Главную причину непримиримого отношения правящей церкви к суициду выделить легко: нельзя допустить, чтобы человек ощущал себя хозяином своей жизни, ибо тогда «все позволено». «Самоубийство есть измена Кресту», — с несвойственной ему резкостью заявляет Бердяев, и даже добрейший В. Соловьев в этом вопросе непреклонен: «Можно сочувствовать самоубийце, но нельзя сочувствовать самоубийству». И далее у него же: «Церковные каноны в этом отношении слишком жестоки и беспощадны и на практике отношение это принуждены смягчать. Но в этой жестокости и беспощадности есть своя метафизическая глубина. Самоубийство вызывает жуткое, почти сверхъестественное чувство, как нарушение божеских и человеческих законов, как насилие не только над жизнью, но и над смертью». Что опять-таки воспроизводит аргументацию Фомы Аквинского.

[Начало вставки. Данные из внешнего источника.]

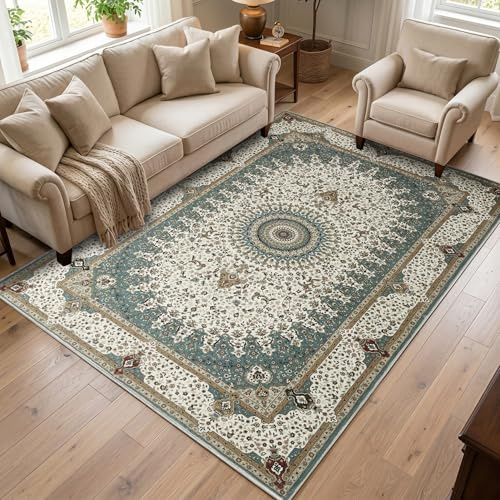 Aspire Homeware Tappeto per camera da letto e soggiorno, 120 x 170 cm, stile tradizionale, moderno, in salice e cashmere, morbido, vintage, a pelo corto, per sala da pranzo, facile da pulire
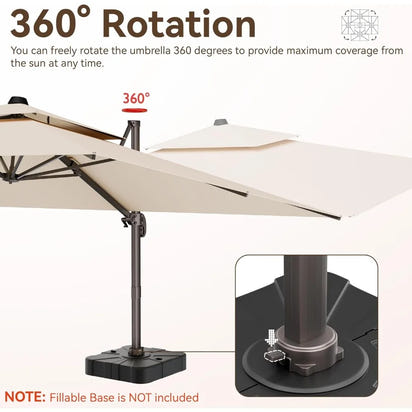 9x12 FT Patio Umbrella, Large Cantilever Rectangular Double Top Heavy Duty Offset Umbrellas with 360° Rotation, Outdoor shade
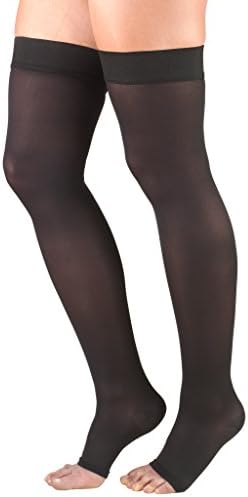 Truform Women's Compression Stockings, 20-30 mmHg, Thigh High Length, Open Toe, Opaque, Black, Large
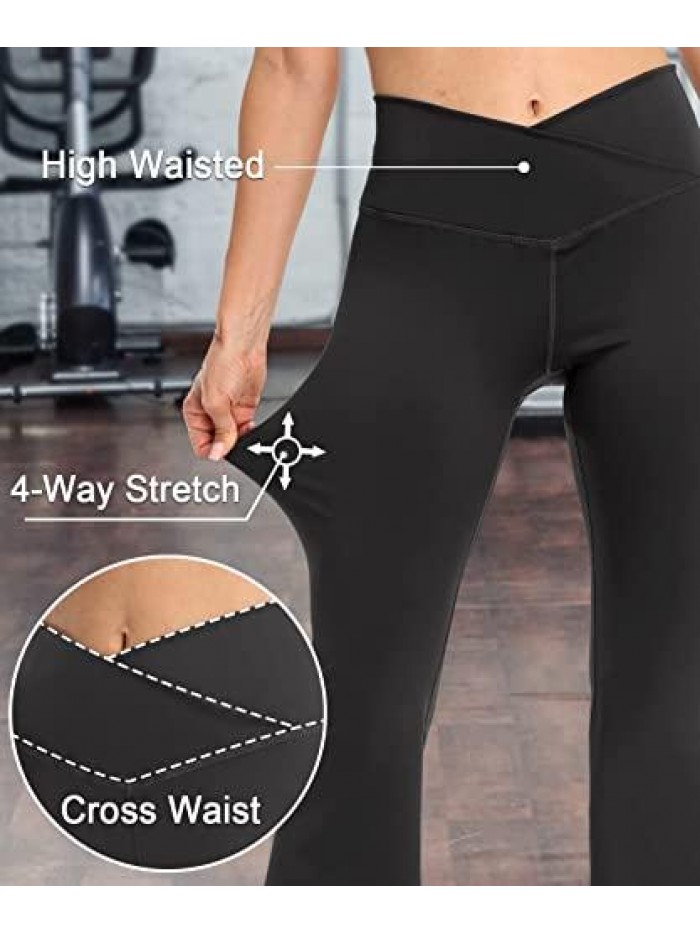 Cross Waist Leggings White Flare Pants Flare Dress Pants Cross Waist Yoga Pants Cross Over Flared Yoga Pants 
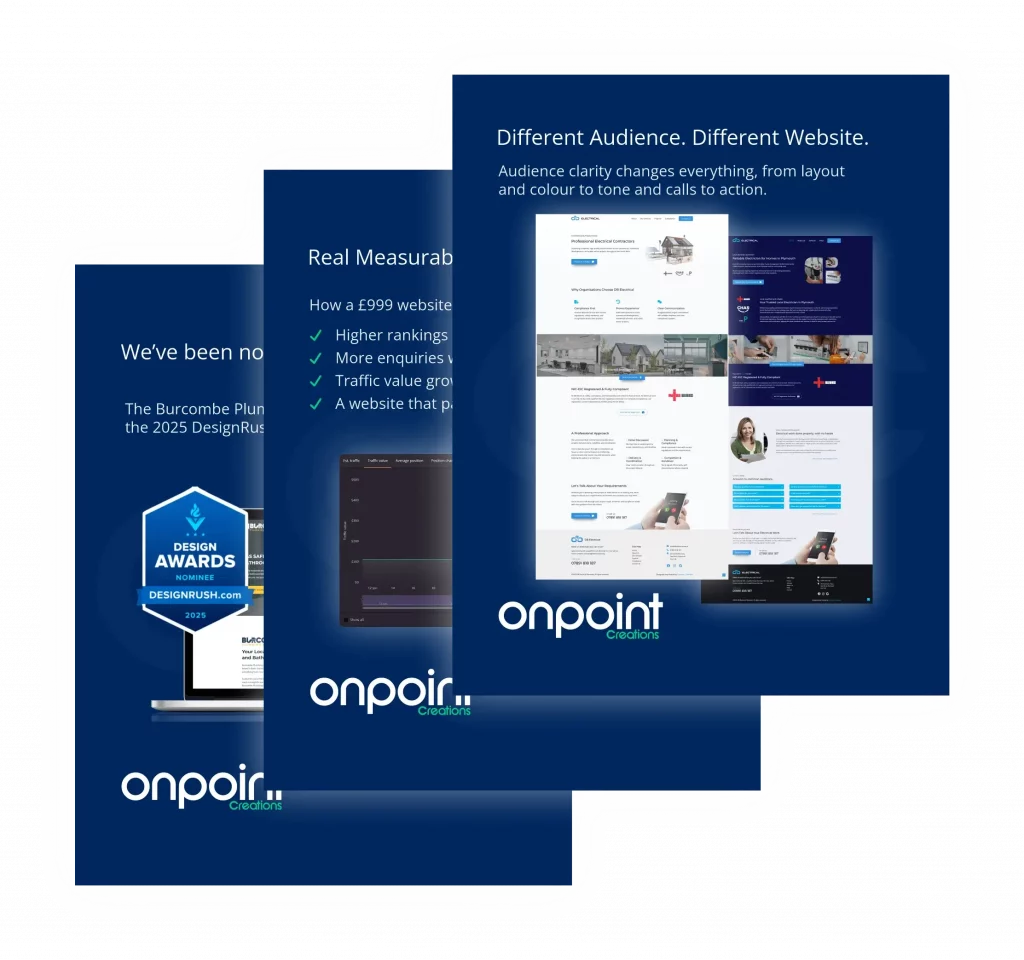 Insights for Trade Businesses – OnPoint Creations Stacked evergreen insight visuals showing website design, SEO, and audience-focused content for trade businesses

В двадцатом веке христианство пережило и глубочайший за всю свою историю кризис, и настоящее возрождение. Почти повсеместно лишившись статуса государственной религии и диктующей инстанции, церковь потеряла в политическом влиянии и выиграла во влиянии духовном. Человек вообще, и человек христианского мира в особенности, за последние 100 лет очень изменился. Христианство не может, как прежде, взывать только к чувству, оно должно быть приемлемо и для разума. Силовые методы борьбы с суицидом более невозможны, нужно совершенствовать искусство убеждения. Впереди новые диспуты по главному вопросу философии, и старыми аргументами здесь не обойтись.
Иудаизм
Не говорите о нем [самоубийце] ничего.
Не чтите его, но и не проклинайте.
Отношение к самоубийству другой религии того же корня, иудаизма, тоже отрицательно, но без запугивания, свойственного воинственному и агрессивному историческому христианству. Ни в Библии, ни в Талмуде суицид как таковой не осуждается. Наоборот, как мы уже видели, некоторые самоубийцы (Самсон, Разис) прославляются как герои, и, в отличие от позднего христианства, иудаизм не пытался впоследствии пересмотреть свое отношение к альтруистическому самоубийству — для него было сделано исключение.

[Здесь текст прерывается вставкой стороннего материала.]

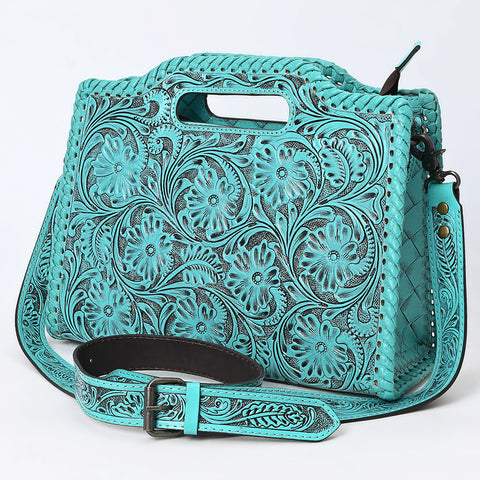 American Darling Western Hand-Tooled Genuine Leather Clutch Bag with Floral Carving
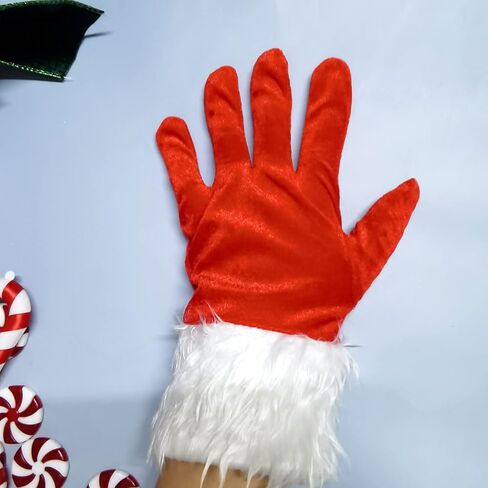 Bwerfuet 1 زوج عيد الميلاد الأحمر زي قفازات قفازات مخملية حمراء مع الأبيض فروي الكفة ازياء اكسسوارات للنساء in Kuwait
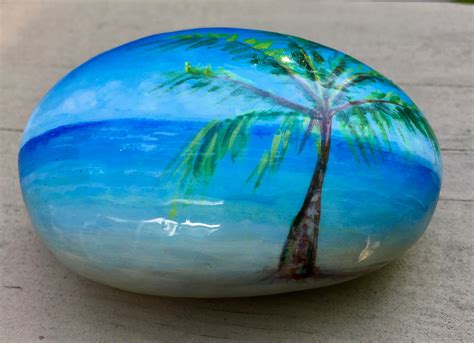 Palm Tree Tropical Hand Painted Rock Etsy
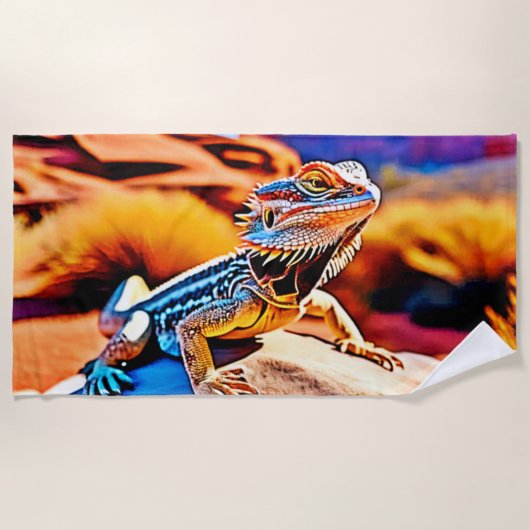 Desert Dragon Lizard Design Strandtuch (Vorderseite)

В древности существовал обычай, согласно которому самоубийц не хоронили до захода солнца, о чем пишет Иосиф Флавий. Однако законодательно запрет на добровольный уход из жизни был оформлен лишь в постталмудический период и наиболее полно изложен в трактате «Семахот», классическом тексте, посвященном смерти и трауру. Самоубийство рассмотрено во второй главе «Семахота» — там же, где идет речь о казненных преступниках. Самоубиение названо худшим из грехов, еще более тяжелым злодеянием, чем убийство, ибо самоубийца отвергает Божий суд и пренебрегает правом на грядущую жизнь. Вместе с тем преступления этого рода считались подсудными не людям, а Богу — то есть не земному суду, а небесному (с этой позицией, видимо, согласится подавляющее большинство наших современников). Попытка самоубийства карается мягко — бичеванием. Если же грешник осуществил свой замысел до конца, ему не может быть отказано в траурном обряде, но церемония отправляется в усеченном виде: сочувствие и уважение должно выказывать по отношению к родственникам усопшего, но не по отношению к самому покойнику.

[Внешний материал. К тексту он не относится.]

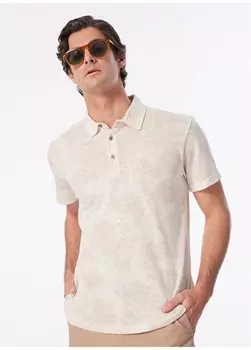 Бежевая мужская базовая футболка-поло с принтом SPBF4SM-TST5010 People By Fabrika, бежевый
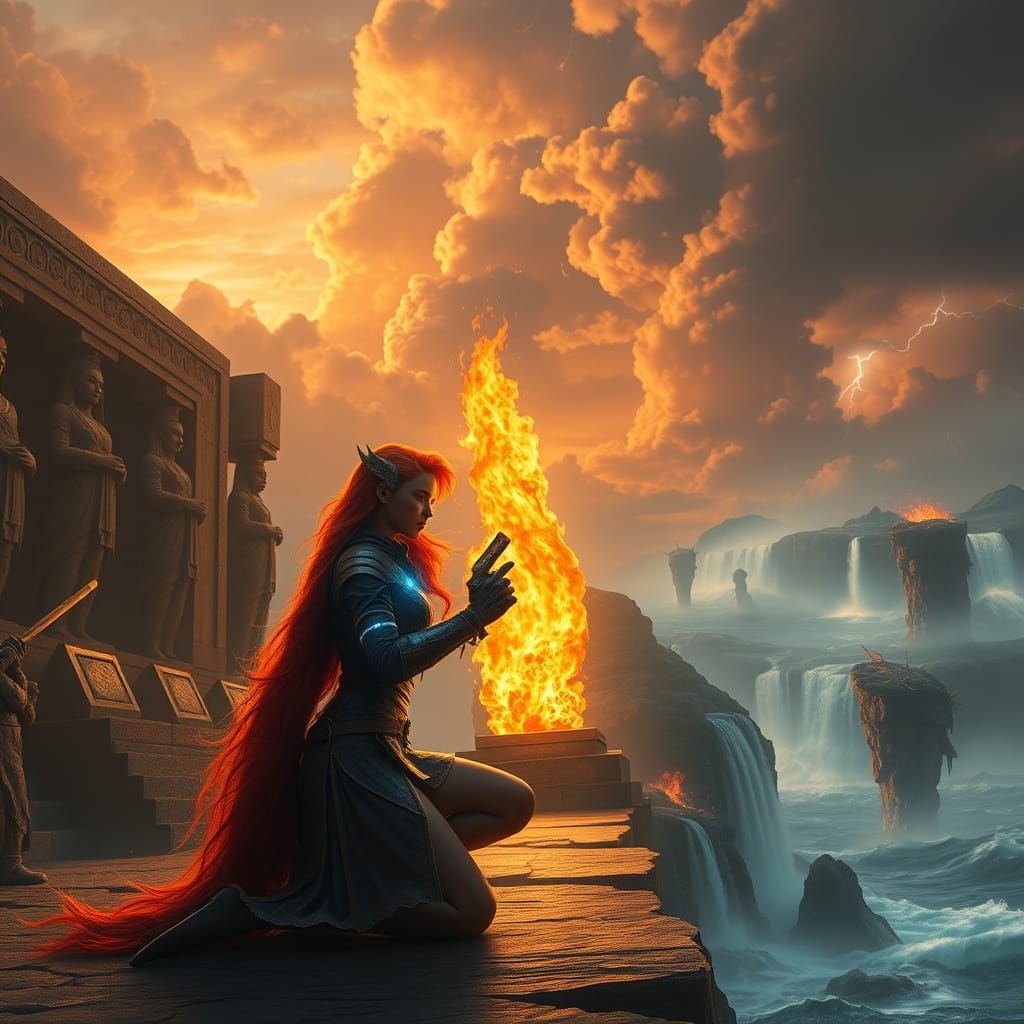 Warrior Princess Before Golden Flame in Ancient Temple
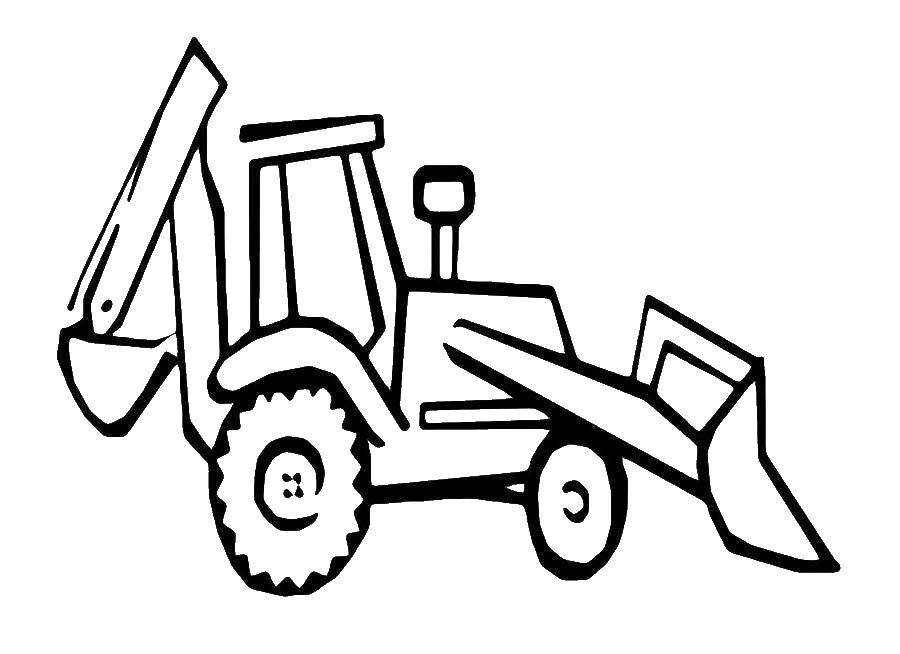 Coloring Bulldozer. Category tractor. Tags:  Transport, tractor.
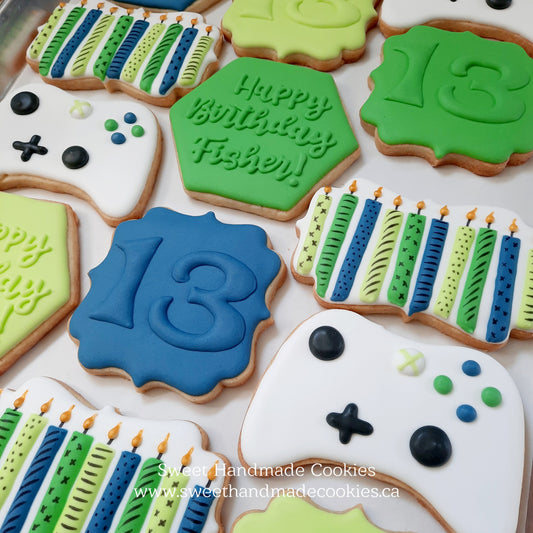 Gamer's 13th Birthday Cookies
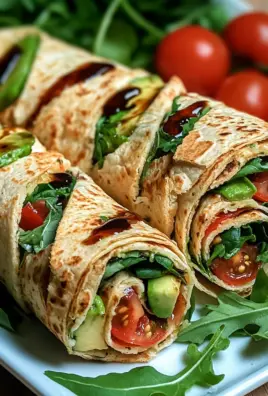 Vegetarische Wrap-Röllchen mit Rucola und Tomaten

Официально признанных самоубийц в еврейской общине было очень мало, потому что малейшее сомнение в злонамеренности предписывалось трактовать в пользу умершего. В «Семахоте» сказано:
«Кто ж свершает самоубийство в здравом рассудке? Если человек залез на дерево или на крышу и разбился насмерть, это еще не самоубийство, а самоубийством его смерть будет признана, лишь если перед этим он сказал „вот, лезу на дерево или на крышу и оттуда брошусь вниз“, а затем поступил по своему слову при свидетелях… Тот же, кого нашли повесившимся или бросившимся на меч, будет признан умертвившим себя в помрачении рассудка».
Самоубийства несовершеннолетних, психически неуравновешенных и впавших в исступление из категории преступления исключались.